▸ **Activity**
Under this line is a listing; return exactly the lines starting at the one with "PLATFORM SCALE, w/ Defender 3000 XtremeW" and running down to the one with "45w 200w Reflektorový", and leave out its pictures.

▸ **Records to process**
*****
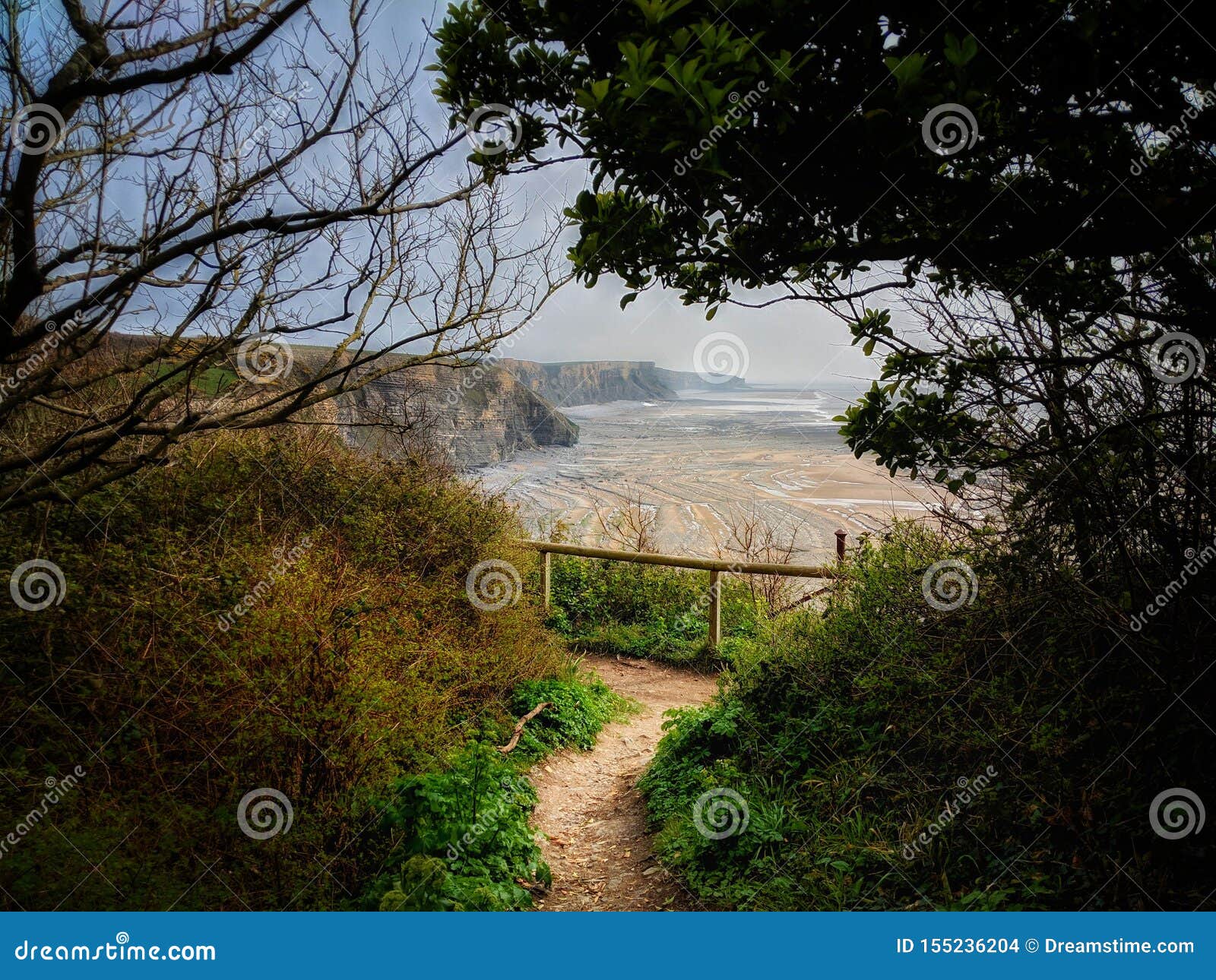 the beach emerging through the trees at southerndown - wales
*****
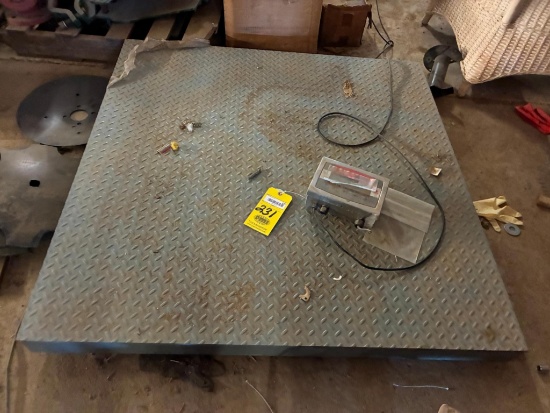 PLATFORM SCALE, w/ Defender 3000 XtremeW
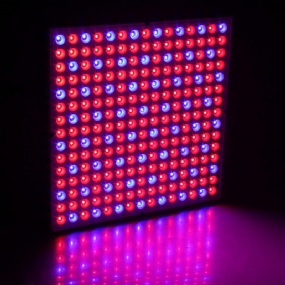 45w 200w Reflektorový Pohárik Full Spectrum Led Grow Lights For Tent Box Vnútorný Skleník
*****
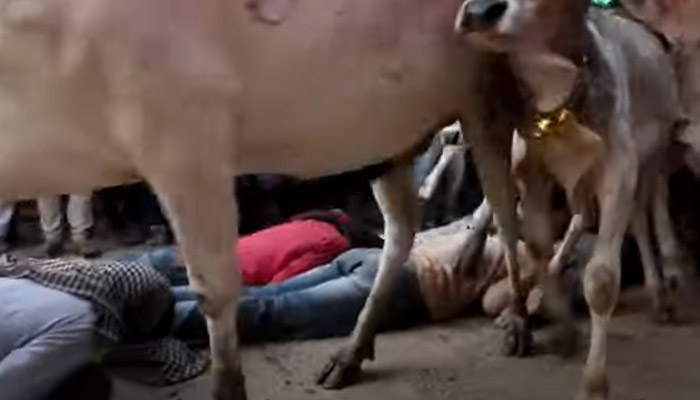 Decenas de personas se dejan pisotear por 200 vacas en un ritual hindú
*****
▸ **Exercise answer**
 PLATFORM SCALE, w/ Defender 3000 XtremeW
 45w 200w Reflektorový Pohárik Full Spectrum Led Grow Lights For Tent Box Vnútorný Skleník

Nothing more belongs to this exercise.